## [TASK TO CARRY OUT]
Could you copy every entry exactly, dropping the pictures?

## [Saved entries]
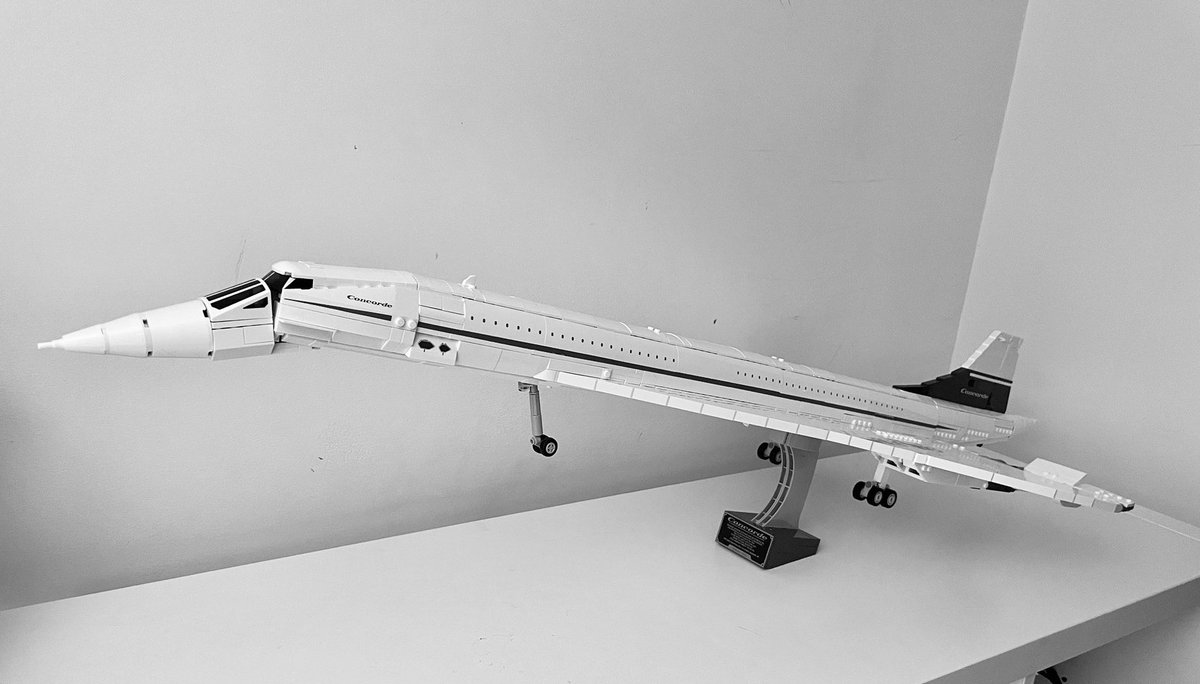 mark__burnett's tweet image. Just finished @LEGO_Group #concorde 
Definitely best Lego build I have ever done. Will look great on the wall - concerned I’m running out of walls! It’s huge! It has toilets! 😬😁🤓  #lego #bestbuild #mentalhealthcare
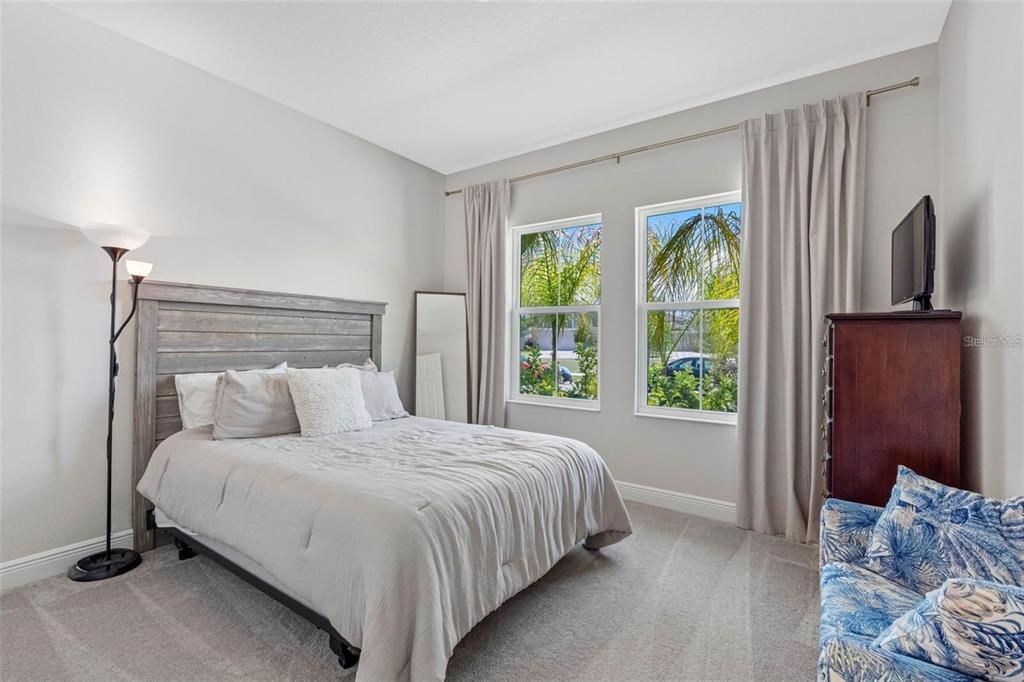 For Sale: $535,000 (5 beds, 3 baths, 3442 Square Feet)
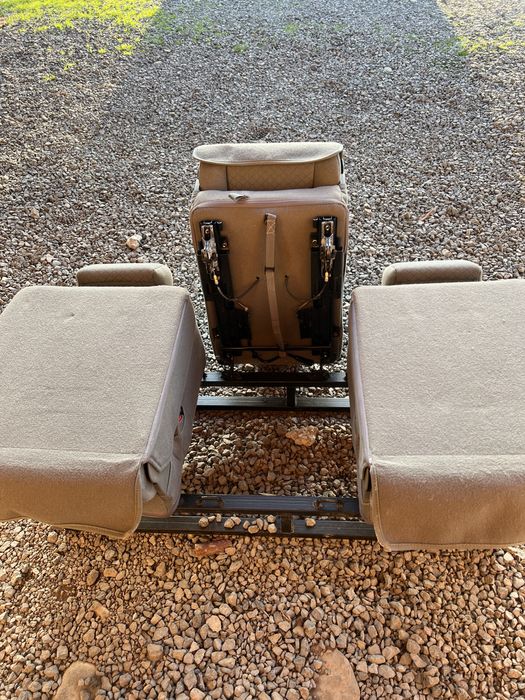 Сидіння для буса. Сідушки, крісла, автосидіння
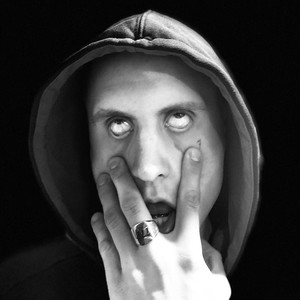 FIDGET(feat. AIZZYBEATZ) (Explicit)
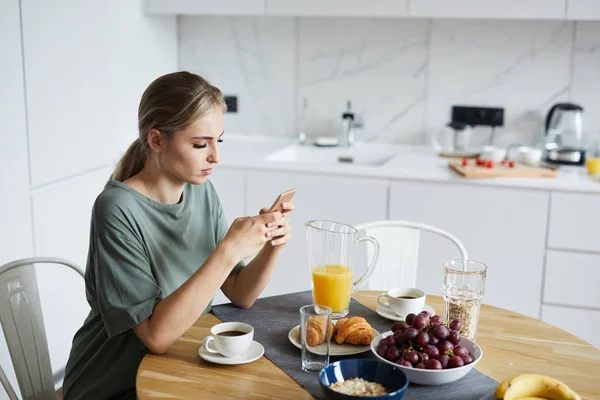 Ung Attraktiv Kvinna Som Använder Smartphone Medan Har Frukost Eller — Stockfoto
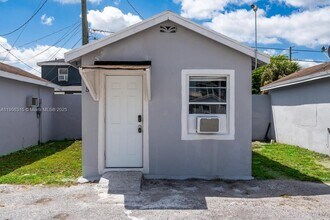 12101 Everglades St in Canal Point, FL - Building Photo - Building Photo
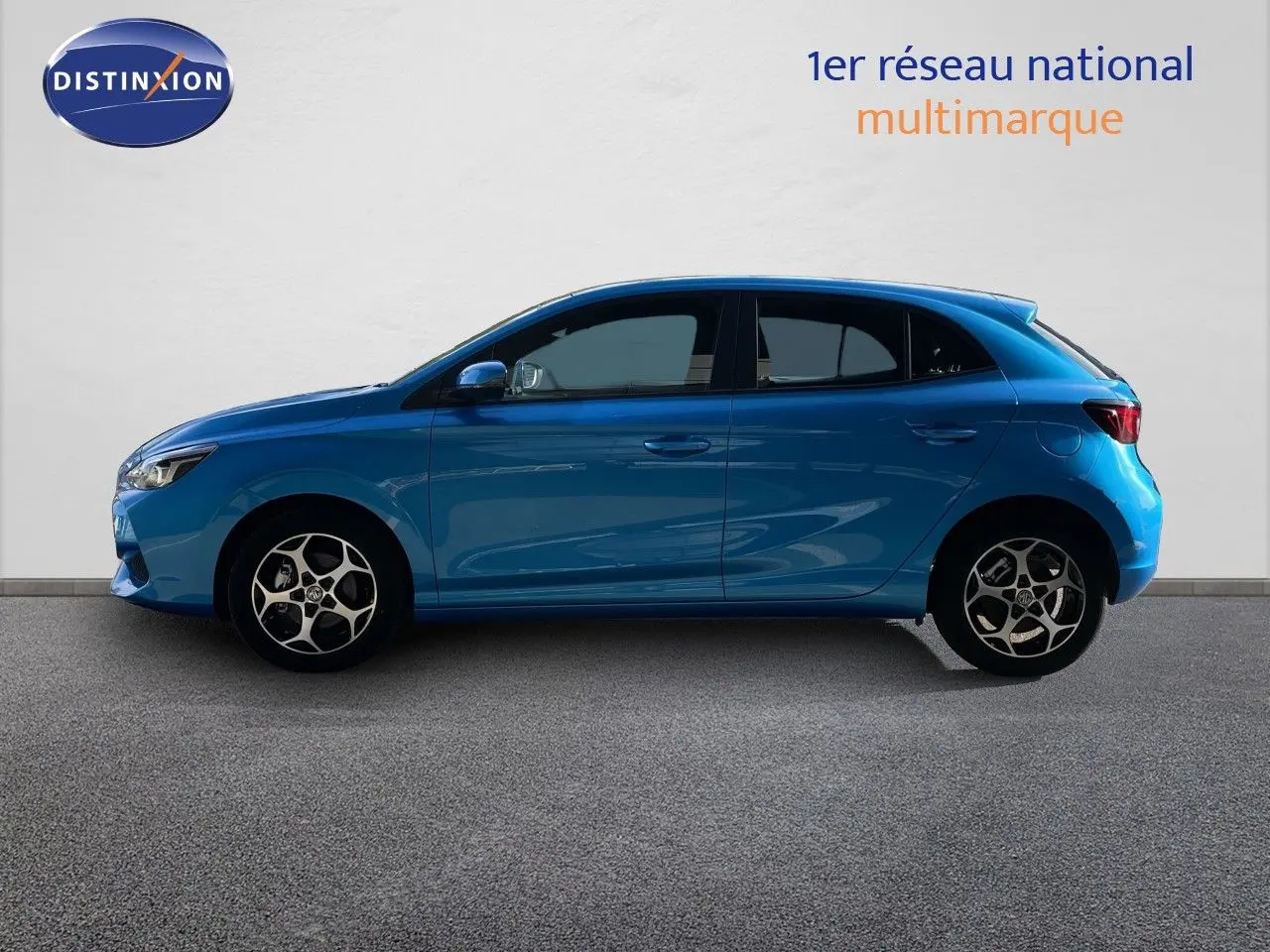 Vue de profil côté gauche d'une MG3 1.5L Hybrid+ 195ch Comfort en bleu Como Metal avec jantes alliage.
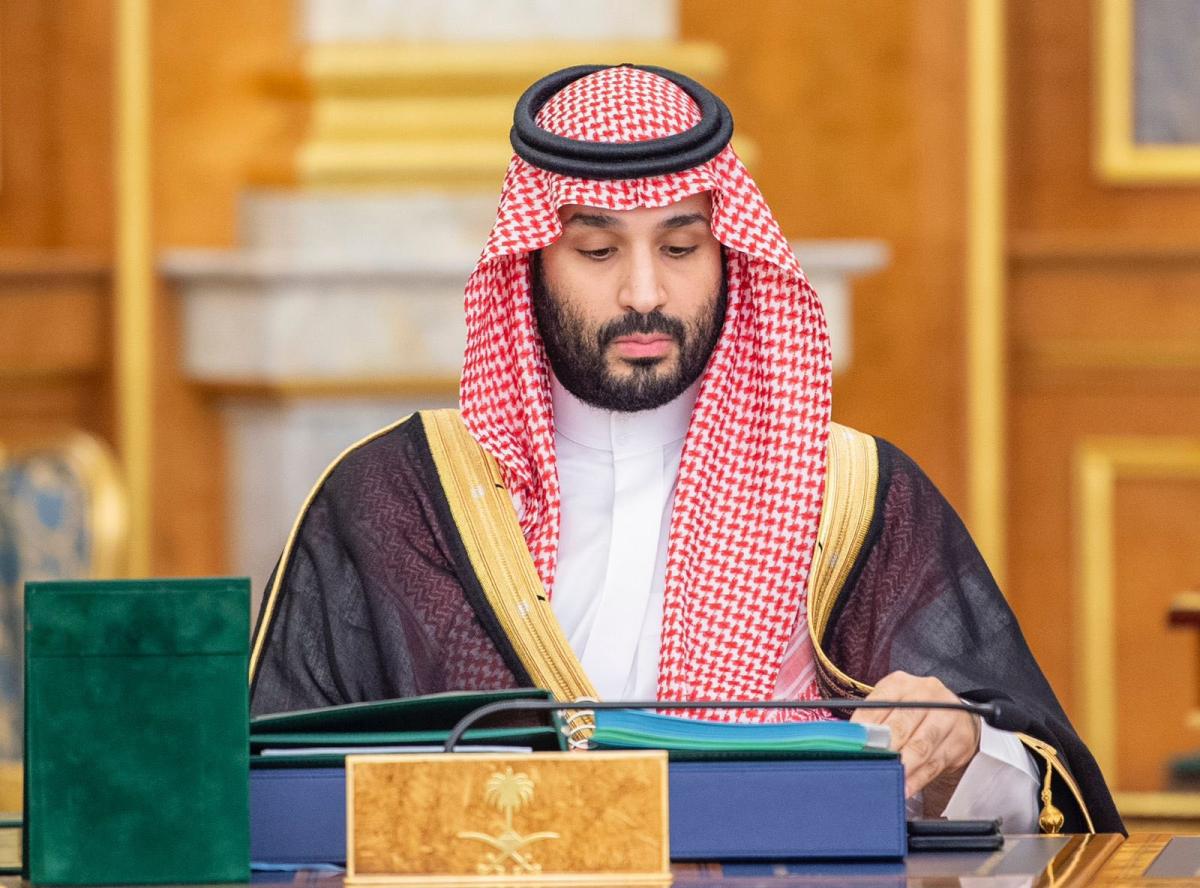 الأمير محمد بن سلمان خلال جلسة مجلس الوزراء في قصر السلام بجدة اليوم (واس)
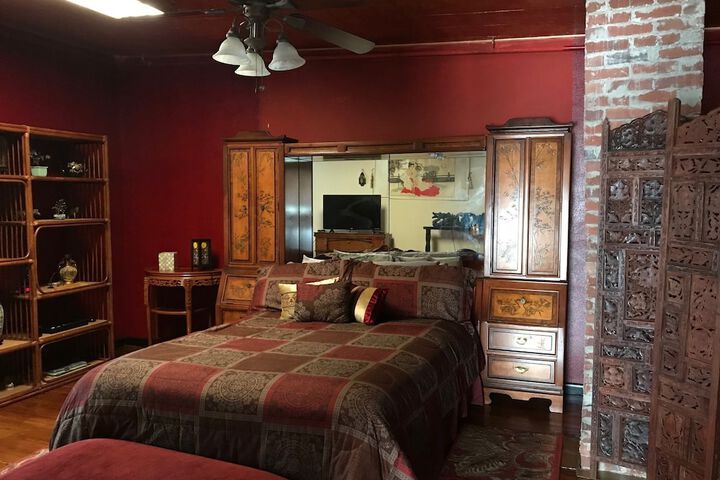 Room 44 of 104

## [OUTPUT OF THE TASK]
 mark__burnett's tweet image. Just finished @LEGO_Group #concorde 
Definitely best Lego build I have ever done. Will look great on the wall - concerned I’m running out of walls! It’s huge! It has toilets! 😬😁🤓  #lego #bestbuild #mentalhealthcare
 For Sale: $535,000 (5 beds, 3 baths, 3442 Square Feet)
 Сидіння для буса. Сідушки, крісла, автосидіння
 FIDGET(feat. AIZZYBEATZ) (Explicit)
 Ung Attraktiv Kvinna Som Använder Smartphone Medan Har Frukost Eller — Stockfoto
 12101 Everglades St in Canal Point, FL - Building Photo - Building Photo
 Vue de profil côté gauche d'une MG3 1.5L Hybrid+ 195ch Comfort en bleu Como Metal avec jantes alliage.
 الأمير محمد بن سلمان خلال جلسة مجلس الوزراء في قصر السلام بجدة اليوم (واس)
 Room 44 of 104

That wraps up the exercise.